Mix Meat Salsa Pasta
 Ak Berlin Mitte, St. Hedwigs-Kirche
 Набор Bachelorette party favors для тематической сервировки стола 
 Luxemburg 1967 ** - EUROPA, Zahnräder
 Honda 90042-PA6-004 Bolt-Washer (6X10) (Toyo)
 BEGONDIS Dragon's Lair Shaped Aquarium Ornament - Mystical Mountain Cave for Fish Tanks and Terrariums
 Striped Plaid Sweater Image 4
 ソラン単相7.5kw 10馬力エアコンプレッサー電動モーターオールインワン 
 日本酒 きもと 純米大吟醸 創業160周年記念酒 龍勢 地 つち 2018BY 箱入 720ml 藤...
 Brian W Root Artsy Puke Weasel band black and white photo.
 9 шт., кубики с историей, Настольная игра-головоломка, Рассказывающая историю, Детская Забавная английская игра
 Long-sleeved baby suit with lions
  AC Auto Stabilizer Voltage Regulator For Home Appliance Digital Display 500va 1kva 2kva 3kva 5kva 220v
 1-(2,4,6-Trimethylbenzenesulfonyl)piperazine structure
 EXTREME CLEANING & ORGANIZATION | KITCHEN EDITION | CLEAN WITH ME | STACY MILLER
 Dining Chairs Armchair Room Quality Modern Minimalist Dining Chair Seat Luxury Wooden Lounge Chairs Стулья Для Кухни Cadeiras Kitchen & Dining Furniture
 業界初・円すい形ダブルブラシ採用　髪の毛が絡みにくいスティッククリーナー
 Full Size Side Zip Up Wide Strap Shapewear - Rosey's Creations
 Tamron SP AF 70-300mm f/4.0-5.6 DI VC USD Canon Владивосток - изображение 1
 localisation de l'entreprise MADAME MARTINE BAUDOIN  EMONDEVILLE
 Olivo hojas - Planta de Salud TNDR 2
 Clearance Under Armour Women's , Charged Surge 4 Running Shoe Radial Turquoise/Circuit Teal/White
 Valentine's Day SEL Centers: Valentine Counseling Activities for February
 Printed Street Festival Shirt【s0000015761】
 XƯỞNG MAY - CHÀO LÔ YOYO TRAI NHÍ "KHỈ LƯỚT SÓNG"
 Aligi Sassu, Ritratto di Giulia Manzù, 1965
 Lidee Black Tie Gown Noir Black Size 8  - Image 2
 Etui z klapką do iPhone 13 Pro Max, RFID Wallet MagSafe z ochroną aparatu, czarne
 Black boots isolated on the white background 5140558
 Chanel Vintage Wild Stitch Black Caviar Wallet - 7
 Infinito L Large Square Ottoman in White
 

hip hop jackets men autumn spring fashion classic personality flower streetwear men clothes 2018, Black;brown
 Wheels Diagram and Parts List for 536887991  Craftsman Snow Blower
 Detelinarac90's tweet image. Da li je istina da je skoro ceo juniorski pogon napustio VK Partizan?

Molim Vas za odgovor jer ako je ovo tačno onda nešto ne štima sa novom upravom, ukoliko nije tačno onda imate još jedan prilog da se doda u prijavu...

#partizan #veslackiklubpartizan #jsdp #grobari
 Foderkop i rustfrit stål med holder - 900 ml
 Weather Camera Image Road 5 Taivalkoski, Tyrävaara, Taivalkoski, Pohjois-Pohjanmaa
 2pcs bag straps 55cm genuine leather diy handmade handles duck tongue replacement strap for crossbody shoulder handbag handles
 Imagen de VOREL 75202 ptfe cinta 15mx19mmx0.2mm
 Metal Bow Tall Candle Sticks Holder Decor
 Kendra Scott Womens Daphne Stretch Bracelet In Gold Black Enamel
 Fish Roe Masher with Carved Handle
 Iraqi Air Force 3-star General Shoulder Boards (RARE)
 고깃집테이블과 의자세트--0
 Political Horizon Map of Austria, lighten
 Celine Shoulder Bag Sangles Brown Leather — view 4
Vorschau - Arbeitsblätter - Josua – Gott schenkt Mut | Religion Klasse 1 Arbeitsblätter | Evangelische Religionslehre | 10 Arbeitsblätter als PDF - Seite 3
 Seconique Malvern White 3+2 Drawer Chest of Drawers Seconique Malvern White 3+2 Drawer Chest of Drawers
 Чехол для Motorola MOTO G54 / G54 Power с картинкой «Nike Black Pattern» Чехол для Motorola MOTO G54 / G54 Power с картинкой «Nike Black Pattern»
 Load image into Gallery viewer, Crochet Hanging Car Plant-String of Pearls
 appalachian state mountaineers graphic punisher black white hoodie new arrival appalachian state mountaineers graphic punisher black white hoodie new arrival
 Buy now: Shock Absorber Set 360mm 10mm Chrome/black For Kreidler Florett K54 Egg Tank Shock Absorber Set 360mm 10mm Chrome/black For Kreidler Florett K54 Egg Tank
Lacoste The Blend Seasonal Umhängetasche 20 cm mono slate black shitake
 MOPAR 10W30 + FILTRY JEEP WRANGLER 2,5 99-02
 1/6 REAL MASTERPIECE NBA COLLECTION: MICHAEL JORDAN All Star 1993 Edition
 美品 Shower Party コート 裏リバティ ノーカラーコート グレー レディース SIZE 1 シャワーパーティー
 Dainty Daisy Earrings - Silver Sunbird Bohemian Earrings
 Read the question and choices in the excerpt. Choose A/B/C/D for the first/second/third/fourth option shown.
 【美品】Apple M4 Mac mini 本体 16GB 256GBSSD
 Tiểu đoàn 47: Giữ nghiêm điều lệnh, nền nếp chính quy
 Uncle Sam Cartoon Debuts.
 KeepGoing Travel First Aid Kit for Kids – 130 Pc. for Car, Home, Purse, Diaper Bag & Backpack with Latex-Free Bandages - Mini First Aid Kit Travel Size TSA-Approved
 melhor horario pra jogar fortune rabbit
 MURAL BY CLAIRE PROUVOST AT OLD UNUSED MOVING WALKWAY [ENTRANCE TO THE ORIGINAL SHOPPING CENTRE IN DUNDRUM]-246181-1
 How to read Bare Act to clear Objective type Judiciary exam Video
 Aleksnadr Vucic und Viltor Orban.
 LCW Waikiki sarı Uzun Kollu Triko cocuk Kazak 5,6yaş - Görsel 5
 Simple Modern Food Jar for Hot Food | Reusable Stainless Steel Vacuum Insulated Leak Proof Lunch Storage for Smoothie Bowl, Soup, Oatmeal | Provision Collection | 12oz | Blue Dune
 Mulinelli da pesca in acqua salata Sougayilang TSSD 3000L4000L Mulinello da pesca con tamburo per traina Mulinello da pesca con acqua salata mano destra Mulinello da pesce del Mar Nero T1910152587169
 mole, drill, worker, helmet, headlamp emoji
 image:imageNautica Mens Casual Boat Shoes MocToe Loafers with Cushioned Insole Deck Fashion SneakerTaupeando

▸ EXERCISE DETAILS
Please write out exactly the lines from the start of the data through the line that contains "Long-sleeved baby suit with lions", both ends included, and nothing else.

▸ OUTPUT FOR THIS EXERCISE
Mix Meat Salsa Pasta
 Ak Berlin Mitte, St. Hedwigs-Kirche
 Набор Bachelorette party favors для тематической сервировки стола 
 Luxemburg 1967 ** - EUROPA, Zahnräder
 Honda 90042-PA6-004 Bolt-Washer (6X10) (Toyo)
 BEGONDIS Dragon's Lair Shaped Aquarium Ornament - Mystical Mountain Cave for Fish Tanks and Terrariums
 Striped Plaid Sweater Image 4
 ソラン単相7.5kw 10馬力エアコンプレッサー電動モーターオールインワン 
 日本酒 きもと 純米大吟醸 創業160周年記念酒 龍勢 地 つち 2018BY 箱入 720ml 藤...
 Brian W Root Artsy Puke Weasel band black and white photo.
 9 шт., кубики с историей, Настольная игра-головоломка, Рассказывающая историю, Детская Забавная английская игра
 Long-sleeved baby suit with lions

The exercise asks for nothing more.